The company made its displeasure known. On Jan. 7, mine superintendent Gary May "indicated that he felt the mine is now heading in the right direction with safety," and he complained that he "feels as though MSHA personnel comes here expecting the worst," the notes say.
On Jan. 12, six people gathered to meet with an inspector, including Blanchard, who "said nothing," according to the inspector's notes. May "voiced his displeasure with the word [illegible] in the order," the notes say. Another senior Performance Coal executive added that the "men now have the right to shut anything down that need be repair it [sic] and that they are trying to encourage people to do the right thing the first time," the notes say.

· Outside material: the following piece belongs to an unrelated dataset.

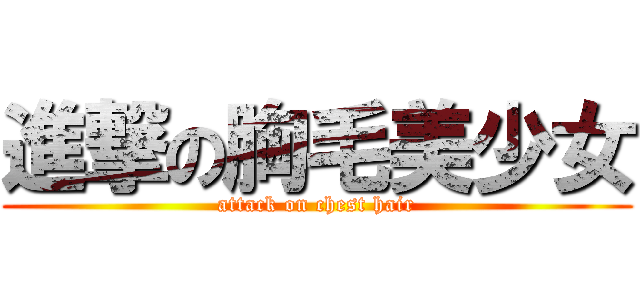 進撃の胸毛美少女 (attack on chest hair)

But safety problems continued.
On Jan. 19, an inspector found one area with coal dust six inches deep, four feet wide and 100 feet in length along a conveyor belt. It had existed for six shifts, the inspector's notes say, and he warned that "if accident occurred it would result in permanently disabling injuries from fire or smoke inhalation."
On Jan. 20, an inspector found a cable that wasn't sealed in a section that was "very wet." He said that the cable wasn't wet inside but that "fatal" risk was present because "the area is very wet and electrocution could result."
Former inspectors said people analyzing the Upper Big Branch disaster would probably weigh whether a similar problem might have ignited the explosion that took place later.